The catch is that you will need to understand programming – not necessarily to be able to write it from scratch, but to be able to look at programming and make some educated guesses about ways to edit it to bring about a different result.
But then, as a journalist, you should be more than used to rewriting material to suit a particular objective – the skill is the same, right? Think of it as programming churnalism.
Even if you don’t understand programming, the site provides a range of tutorials to show you how it works – and it’s a good place to learn some basic programming even if you never use it to write a scraper, particularly as you can look at and adapt other scrapers, or find others to talk to about the process.

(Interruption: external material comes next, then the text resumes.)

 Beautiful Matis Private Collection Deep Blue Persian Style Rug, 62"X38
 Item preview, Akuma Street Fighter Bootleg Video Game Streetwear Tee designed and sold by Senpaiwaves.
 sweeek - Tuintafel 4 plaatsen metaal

The biggest attraction for me of the site is the fact that you don’t have to fiddle around with setting up the programming environment that makes your code work – a particularly big hurdle to get over if you’re programming from scratch.

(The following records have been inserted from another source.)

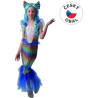 Carnival dress - mermaid, 120 - 130 cm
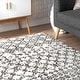 preview thumbnail 13 of 24, Nuloom Contemporary Modern Mayen Geo Trellis Area Rug
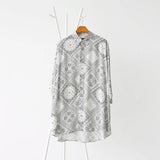 Hochwertiges japanisches Cityboy-Oversize-Hemd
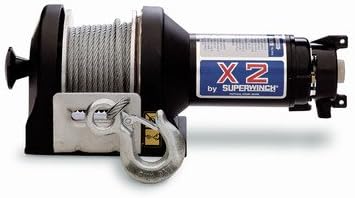 Superwinch 1215 X2F 24VDC winch with freewheeling feature, rated line pull of 3,000 lb/1363 kg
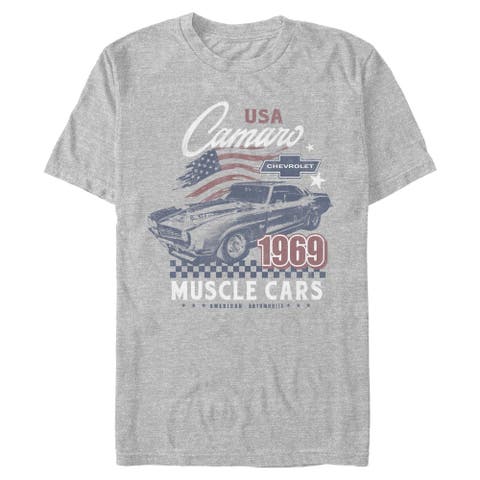 Men's General Motors Camaro Muscle Cars  Graphic T-Shirt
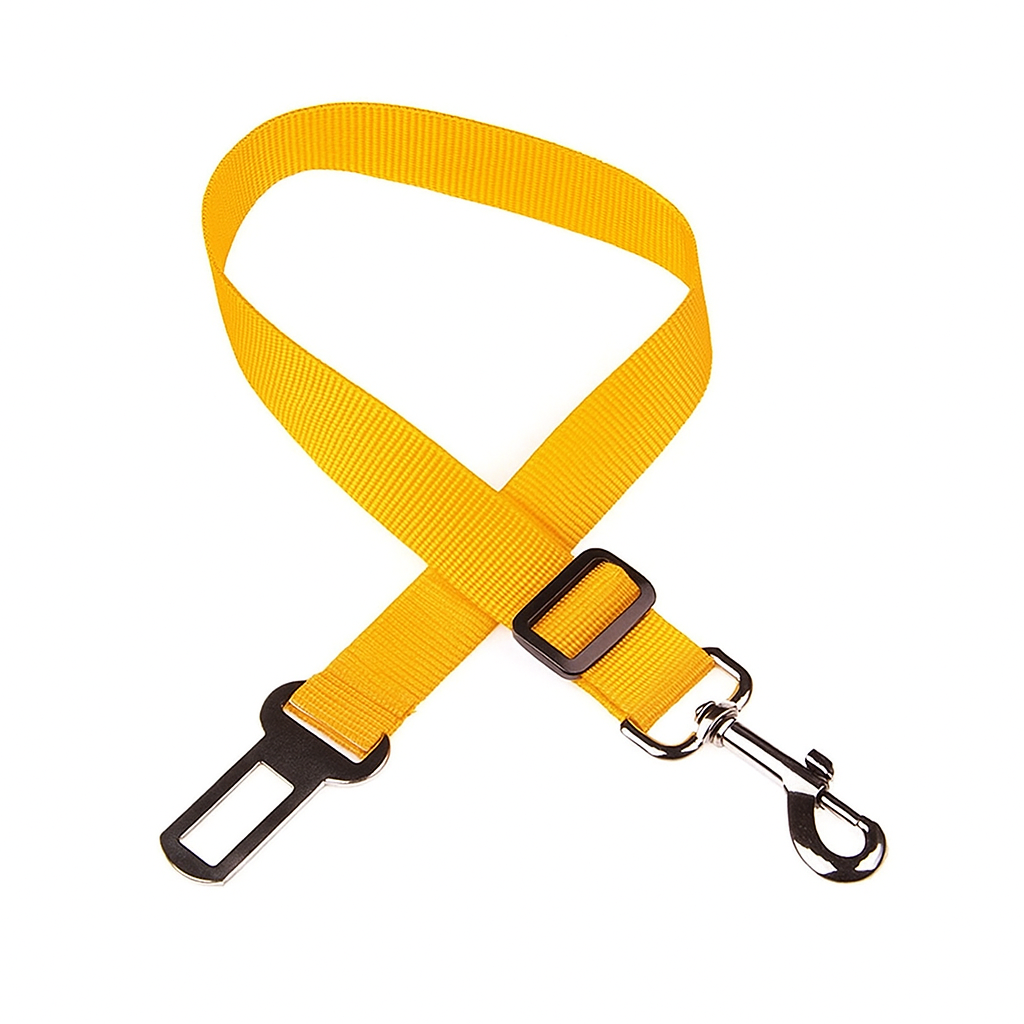 Ceinture de sécurité réglable pour animaux – Sécurité et confort en voiture pour chiens et chats.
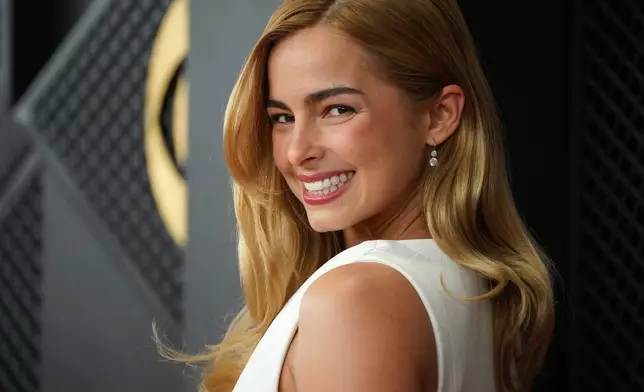 Addison Rae arrives at the 68th annual Grammy Awards on Sunday, Feb. 1, 2026, in Los Angeles. (Photo by Jordan Strauss/Invision/AP)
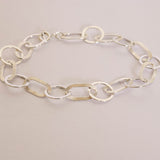 Hammered Link Bracelet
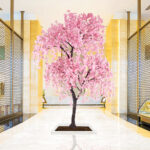 GloboStar® Artificial Garden CHERRY BLOSSOM TREE 20166 Τεχνητό Διακοσμητικό Δέντρο Άνθος Κερασιάς Υ380cm - Image 5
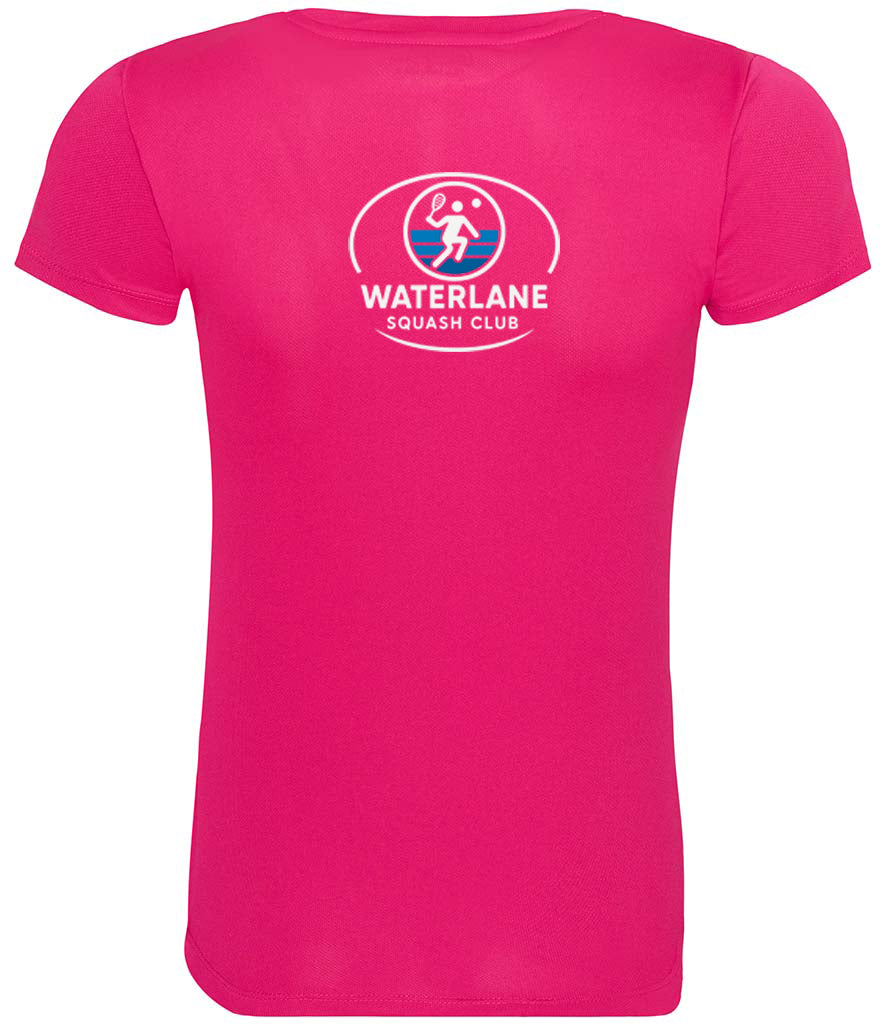 Waterlane Squash Club Ladies Player Top [Colour - Hot Pink]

Of course, the more you understand about programming, the more you will be able to do – even to the extent of writing code from scratch. But remember that part of the skill of programming is being able to find code from elsewhere instead of having to write it all yourself. It’s about standing on the shoulders of giants as much as being a great Romantic original. Journalists could learn a lot from that ethos.
What else Scraperwiki does
If you want some data scraped, and don’t have the time or desire to learn how to write one, you can set a bounty for someone else to do it. You can also request a private scraper if there’s an exclusive in there you want to protect. In other words, it’s a marketplace for data scraping.
It is also a data repository – so even if you never scrape anything yourself, it’s worth subscribing to the RSS feed of the latest scrapers.
In a future post I’ll try to pick apart the code of a web scraper written in Python. But for now, if you have a free evening, have a play with the tutorials yourself.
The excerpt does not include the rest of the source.